I spent a day on the ranch with each potential lessee. We climbed on the side-by-side and attempted to see as much as possible. Thirty-thousand acres is a lot of ground to cover, but I wanted them to see the good, the bad and the ugly. And I wanted to gauge their goals. The owners and I have some specific goals, focusing primarily on improving rangeland conditions.

It is a mighty challenge, and I needed to know if the candidates were up to the task and aware of the degradation of the resources. Those hours on the ATV allowed me to quickly assess their mettle. Did they know the plants? Did they know how much water a cow-calf pair or a stocker needed daily? Were they savvy on stocking rates, animal unit equivalents, grazable acres and harvest efficiency?

Then I turned the tables. I asked to see country each candidate leased – in my book, that’s the “résumé” of a rancher. What does the place you operate look like? So I spent a corresponding day with each of them, riding around, looking closely at how they conducted business.

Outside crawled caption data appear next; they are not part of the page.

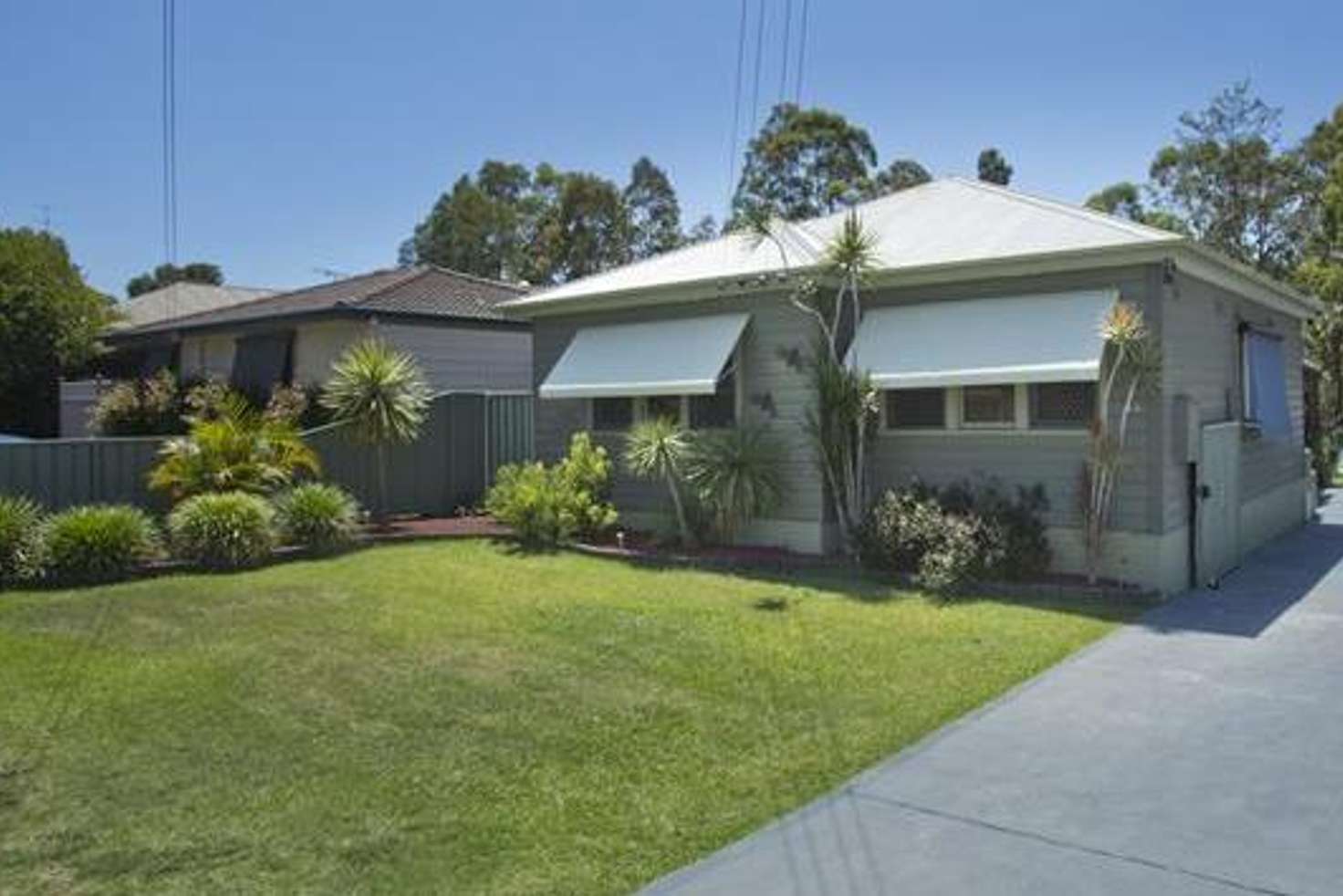 Main view of Homely house listing, 44 Vale Street, Birmingham Gardens NSW 2287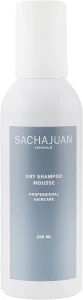 Sachajuan Сухой шампунь-мусс Dry Shampoo Mousse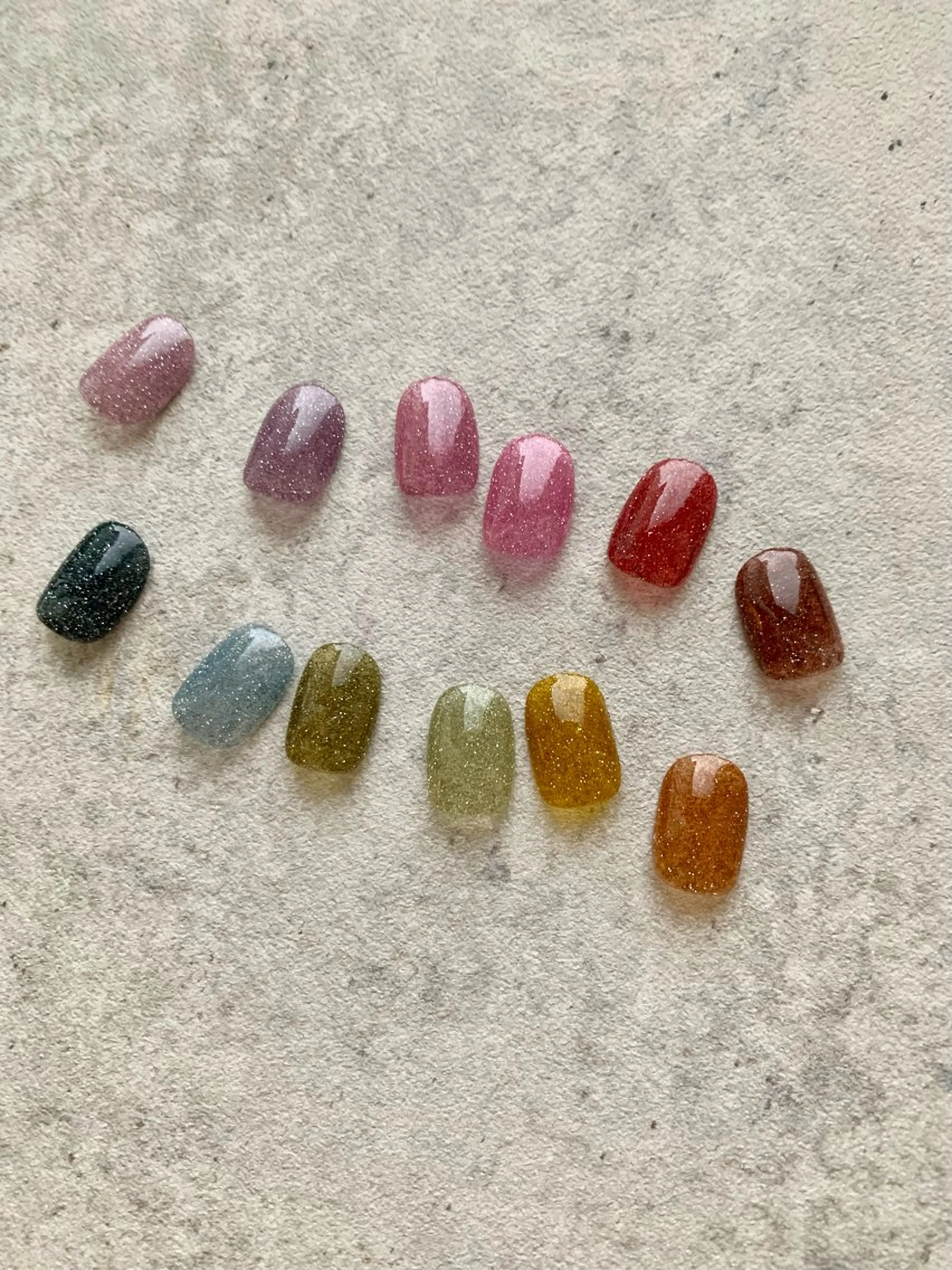 ネイル sufu. nail YUKIのネイルデザイン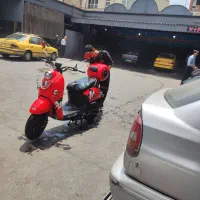 موتور عروسکی پاکشتی ms1  ام اس وان مخصوص بانوان|موتورسیکلت|تهران, سلسبیل جنوبی|دیوار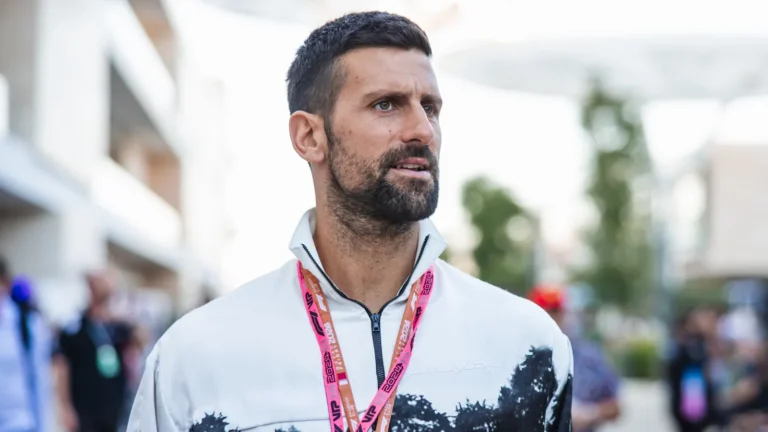 novak djokovic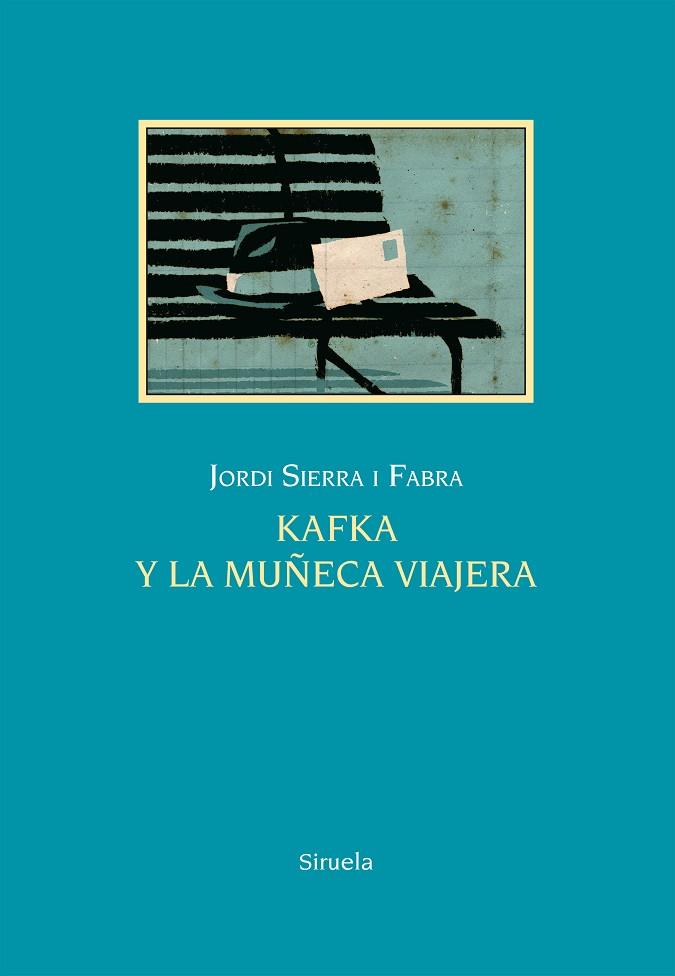 KAFKA Y LA MUÑECA VIAJERA | 9788416396856 | SIERRA I FABRA, JORDI | Llibreria L'Altell - Llibreria Online de Banyoles | Comprar llibres en català i castellà online - Llibreria de Girona
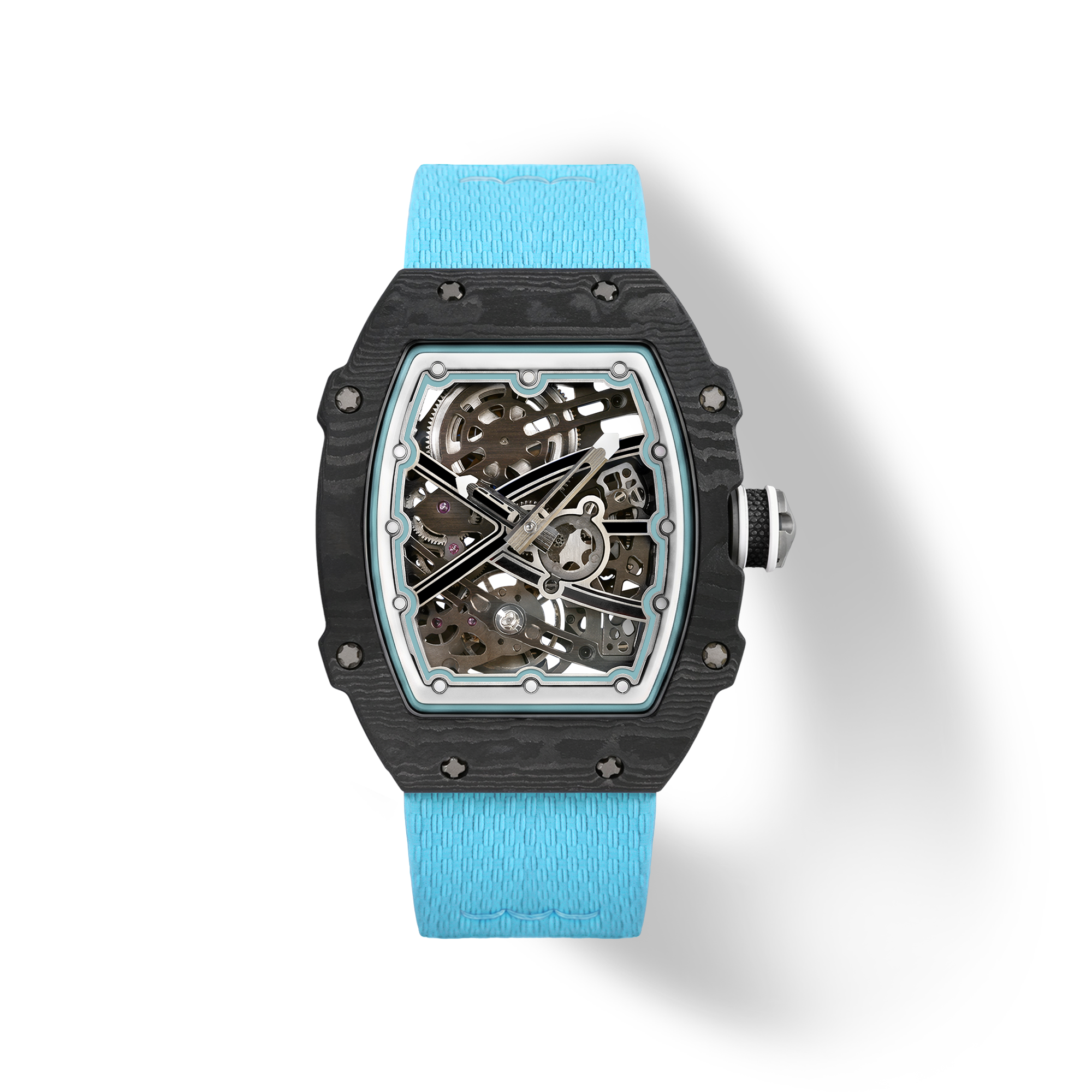VOIDFRAME CARBON ENGINE WATCH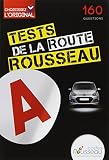 Test Rousseau de la route B 2015 Test Rousseau de la route B 2015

Following the days on the ranch, I asked each to tell me what they saw. I developed a few questions. What did they see as the shortcomings of the ranch? And how would they overcome those obstacles? What about the advantages? How would we collaborate, communicate? How would they handle the necessary labor?

Why would we care about the labor? The ranch is remote. School is nearly a 50-mile bus ride away with the potential for the ability to transfer to the school district only 20 miles away. Sadly, substance abuse is a real problem among ranch cowboys in the Texas Panhandle. This location is not for everybody. Leasing this ranch and putting someone out there with a young family or a fast crowd of friends is not going to get the job done. “Cowboys” who have limited skill sets and want to drive around or spend aimless time horseback are a dime a dozen. We recognize the need for the labor to be able to manage the resource, not just cake the cattle in the winter and ride a horse all summer.

Up for a challenge

By now you are thinking, “Man, she put these potential lessees through a bunch of hoops just to ‘run some cattle’.” It was exciting to find four candidates who found the opportunity to improve the conditions, something that excited and challenged them. They provided potential solutions to our challenges, grazing and monitoring plans, communication plans and really showed off their eagerness and enthusiasm. Anyone who says there are not young, enthusiastic ranchers wanting a chance to get started or expand in the business hasn’t looked around very hard.

Finally, the owners and I interviewed them together. That face-to-face meeting is important. It also allowed the potential lessees to gauge if they wanted to enter into a challenging ranch rehab and do business with the owners. These things go both ways. Our extensive process allowed for plenty of time for both sides to assess the situation and evaluate the potential.

The best advice for folks looking to lease land is really pretty simple. Think of it as a job interview. What do you bring to the table? How will you work with the landowner? Plan to forge a relationship, stewarding the land for the good of the owner and your own profitability. If you are just looking to “run some cattle,” put that phone down and go look for something else to do.

Ranching is the management of a complex ecosystem, grazing animals all with the goal of economic and environmental sustainability. It’s not rocket science. Literally. It’s way more complicated.  end mark

PHOTO: Frank Price (left) of Sterling City, Texas, explains the improving forage conditions on a lease property to Grant Teplicek of USDA-NRCS. Photo provided by Jenny Pluhar.